How do we love our enemies?

“First, we must develop and maintain the capacity to forgive. He who is devoid of the power to forgive is devoid of the power to love.”

“Second, we must recognize that the evil deed of the enemy neighbor, the thing that hurts, never quite expresses all that he is. An element of goodness may be found even in our worst enemy. We recognize that his hate grows out of fear, pride, ignorance, prejudice and misunderstanding, but in spite of this, we know God’s image is ineffably etched in his being. Then we love our enemies by realizing that they are not totally bad and they are not beyond the reach of God’s redemptive love.”

“Third, we must not seek to defeat or humiliate the enemy, but to win his friendship and understanding.”

Why should we love our enemies?

“The first reason is fairly obvious.

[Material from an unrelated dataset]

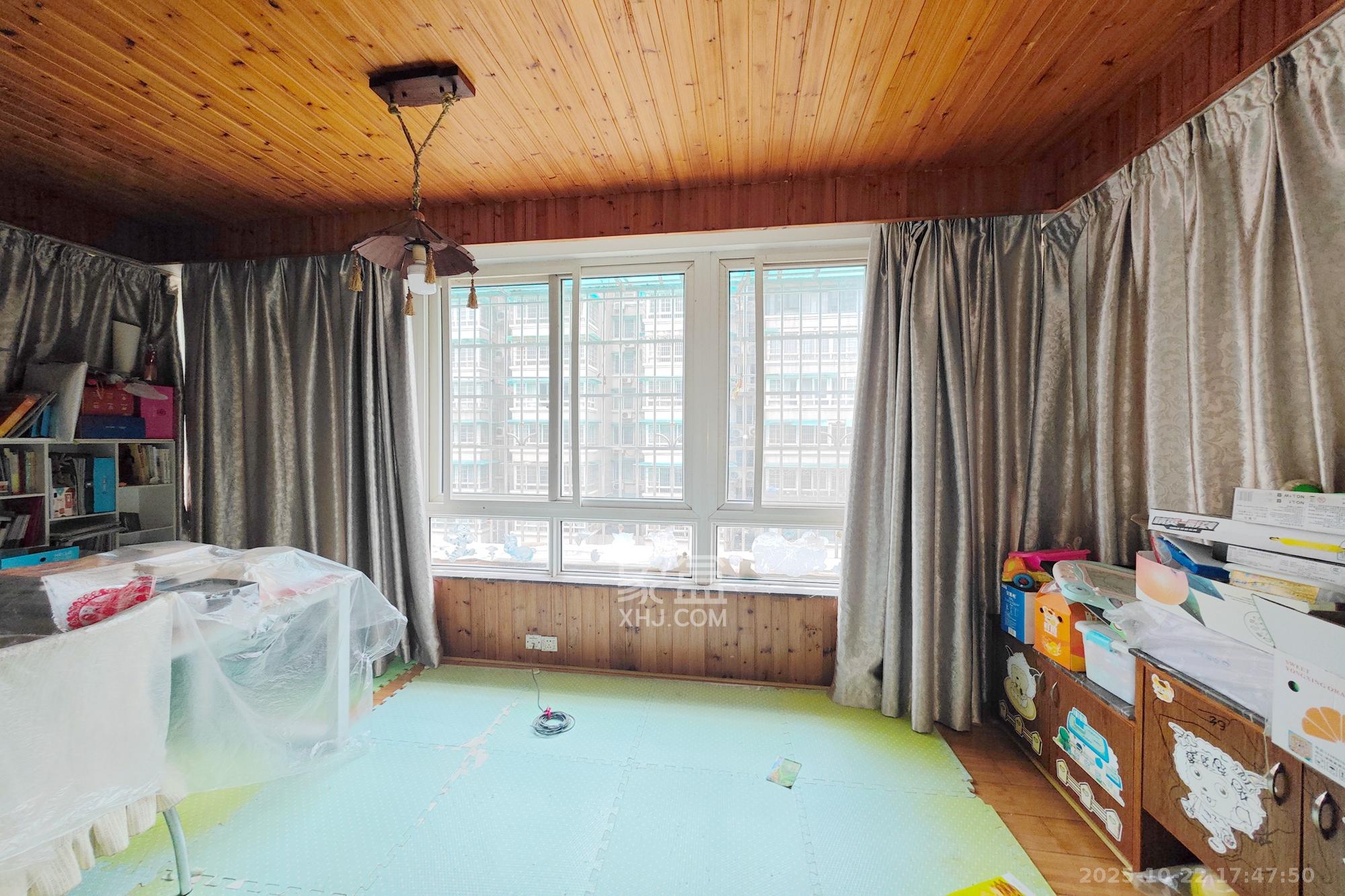 鑫天佳园 3室2厅2卫 105.0万 鑫天佳园 3室2厅2卫 105.0万阳台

Returning hate for hate multiplies hate, adding deeper darkness to a night already devoid of stars. Darkness cannot drive out darkness; only light can do that. Hate multiplies hate, violence multiplies violence, and toughness multiplies toughness in a descending spiral of destruction. So when Jesus says, ‘Love your enemies,’ he is setting forth a profound and ultimately inescapable admonition. Have we not come to such an impasse in the modern world that we must love our enemies or else? The chain reaction of evil – hate begetting hate, wars producing more wars – must be broken, or we shall be plunged into the dark abyss of annihilation.”

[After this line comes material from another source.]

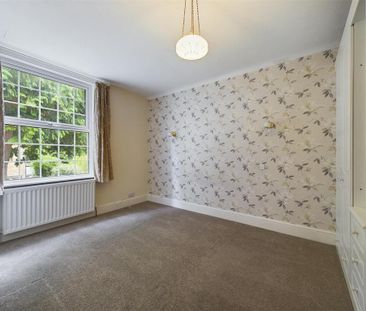 2 bedroom end of terrace house to rent - Photo 3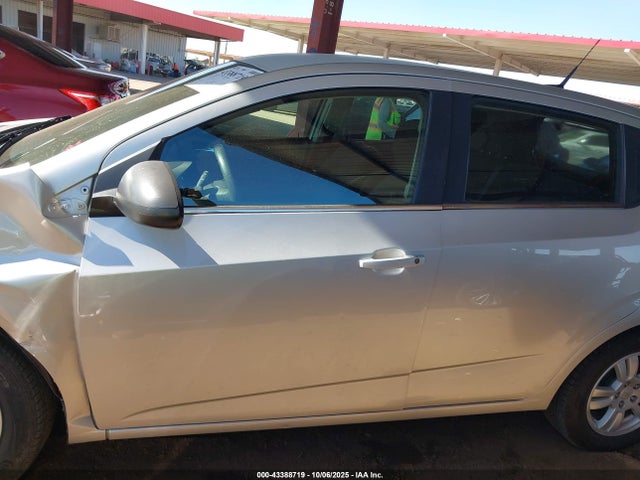 Продаж на аукціоні авто 2012 Chevrolet Sonic 2lt, vin: 1G1JC6SH3C4172658, номер лоту: 43388719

“Another reason we must love our enemies is that hate scars the soul and distorts the personality. Modern psychology recognizes what Jesus taught centuries ago: hate divides the personality and love, in an amazing and inexorable way, unites it.”

“A third reason why we should love our enemies is that love is the only force capable of transforming an enemy into a friend. We never get rid of an enemy by meeting hate with hate; we get rid of an enemy by getting rid of enmity. By its very nature, hate destroys and tears down; by its very nature, love creates and builds up. Love transforms with redemptive power.”